She wanted to take care of Asami's broken arms, but was waved off. Korra was more important than she was. Get Korra her bending back, take care of Beifong, then Asami's hands could get fixed.

Korra said nothing the entire time.

After several hours with Katara, they both emerged from the healing hut. Asami didn't need to hear Katara, she saw the results on Korra's eyes. The Avatar never looked so utterly defeated before.

"Korra," Asami said as she reached for the girl, but Korra pulled away.

"Don't," Korra snapped turning her back on Asami. "Just go away."

"I'm not going to abandon you."

"I'm not the Avatar anymore. Don't you get it? I'm useless now! What good is an Avatar that can't bend? I'm not important anymore!"

"You're important to me," Asami responded.

"Just go away Asami," Korra said angrily, her voice low and hurt. "Just leave."

The woman who Asami knew she loved but couldn't bring herself to say it got on her great polarbear-dog and rode off.

"Goddamn it Korra," Asami called. "I love you fucking idiot."

She stood there, alone, abandoned in the snow of the South Pole for a long moment. Asami Sato the person might still be a wreck, a paper thin imitation of a person built on a very shaky foundation of tiny truths, but she knew one thing about herself: she was determined. Asami Sato got what she wanted, she fought hard to get her way. And she'd be damned if she was going to let Korra get away with just a brush off.

Asami stole herself a snowmobile and followed after Naga's tracks.

"Hey," Asami said when she found Korra overlooking an ice cliff and the wide expanse of the ocean.

"What are you doing here?"

"I came here to tell you something. You didn't abandon me when I was injured and I’m sure as hell not leaving you now. For fuck’s sake, you haven’t even said word one about me lying to you about my bending. I'll give you space if that's what you need, but I'm not going to leave you to go through this alone."

"Thanks," Korra muttered into her coat. "Asami... seriously, thanks. But I need to be by myself right now."

"Ok," Asami nodded. Kya’s words echoed in her mind as she forced herself to move. She walked over to Korra to give her a hug. "I'll be in the village if you need anything."

"Ok."

"And Korra?" Asami whispered, barely audible even to herself. "I love you."

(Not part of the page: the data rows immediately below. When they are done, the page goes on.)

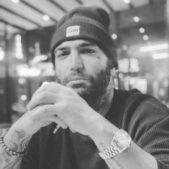 دانلود آهنگ من وایسادم منو نمیشه کشت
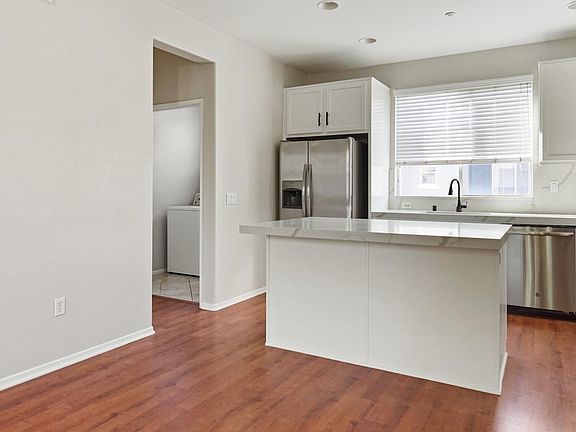 Newly Remodeled Kitchen (2nd floor)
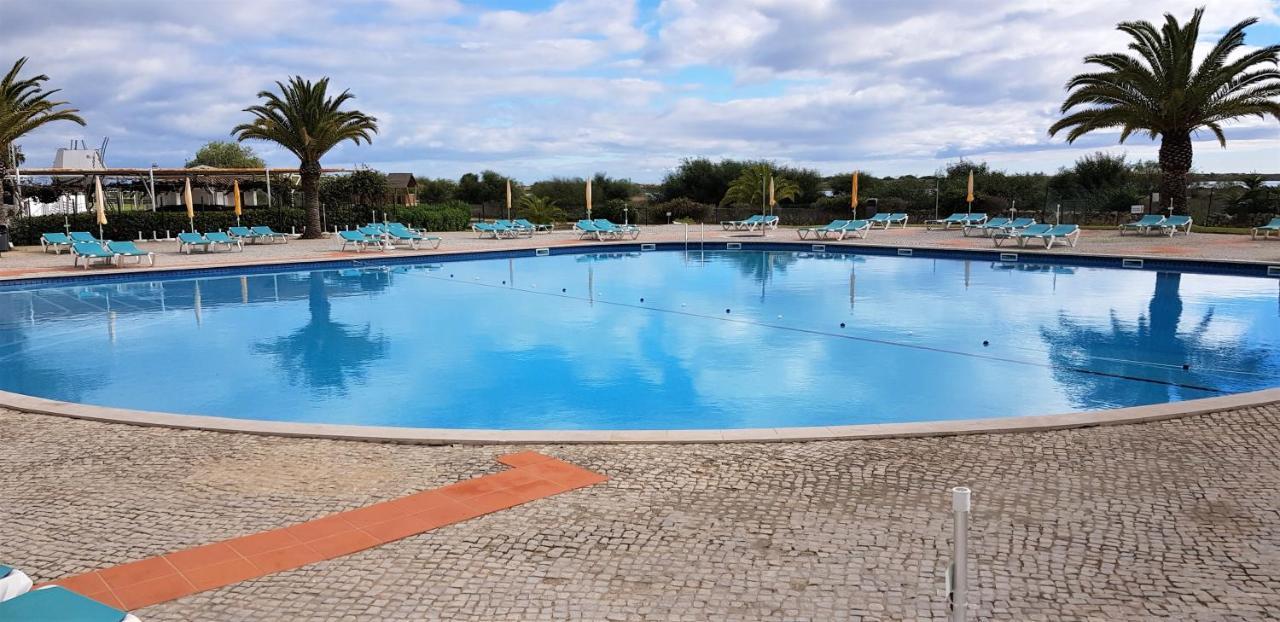 Casa Marias II - Inserido No Resort Golden Club Cabanas 카바나스데타비라 외부 사진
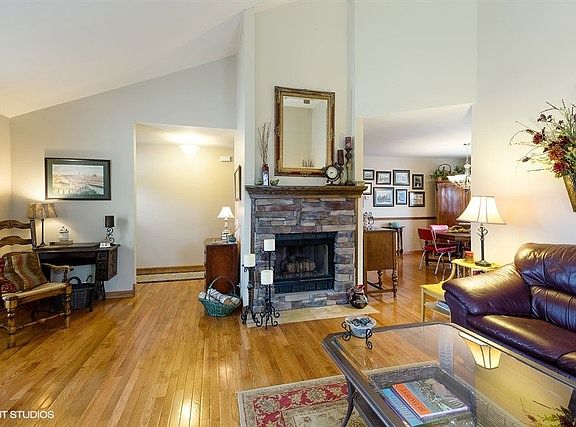 3rd image of 557 Saratoga Dr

Before Korra could respond, Asami had gotten on her snowmobile and sped away, afraid of overstaying her welcome and more afraid of what it would mean to stay.

Tears were falling from behind blue eyes now. Fast, and steady; with no signs of stopping. It seemed like she had gotten the one thing she so desperately wanted to hear for the last several weeks, but now she had it she wasn't worth it anymore. She was not the Avatar, she was a failed Avatar now. Who would want someone has broken as her? How could anyone love someone who fucked up this badly?

Someone appeared beside her.

"I said I need to be alone," Korra snapped.

"But you called me here," came a voice she recognized as if it were her own.

"Aang?"

"Hello again Korra."

"I'm so sorry I failed."

"You didn't fail. You succeeded, and you did splendidly."

"But I lost my bending!"

"You are the Avatar. The elements are a part of you. Amon could never take that away." The previous Avatar extended a hand and touched Korra's forehead. "When we hit our lowest point we are open to the greatest change."

The weight, the shadow that had covered her, choked the life out of her, had been lifted. The colors in the world had returned.

Fire leapt from her hands, the earth moved beneath her feet, the water below her moved at her command, the air around her swirled.

"Thank you Aang!"

"You did this all yourself," he said.

"Thank you still. Now I need to go see someone."

 

* * *

 

 

"Hey!" Asami said, her green eyes lighting up and a smile adorning her perfect face.

Korra scowled. "Don't you ‘hey’ me, missy."

"What?"

"You owe me an explanation. Why couldn't I see you for a whole month?" the Avatar demanded.

Asami shrugged, platinum cuffs jangling slightly on her wrists. She took a deep breath. "Well my first day inside I got into a fight. No... more of a brawl."

"Seriously? You couldn't make it one day in jail without starting a riot?"

"It wasn't my fault! The guards just didn't see it that way," she muttered. Her orange jumpsuit wasn't doing much for Asami's makeup-less complexion. It clashed with her eyes. "But a lot of the bending prisoners saw me as the Equalist princess, and they tried to teach me a lesson."

Korra's expression softened. She reached out a hand to touch Asami's pale one. "I'm sorry."

"No touching!" yelled a guard.

Korra withdrew her hand and glared at the guard.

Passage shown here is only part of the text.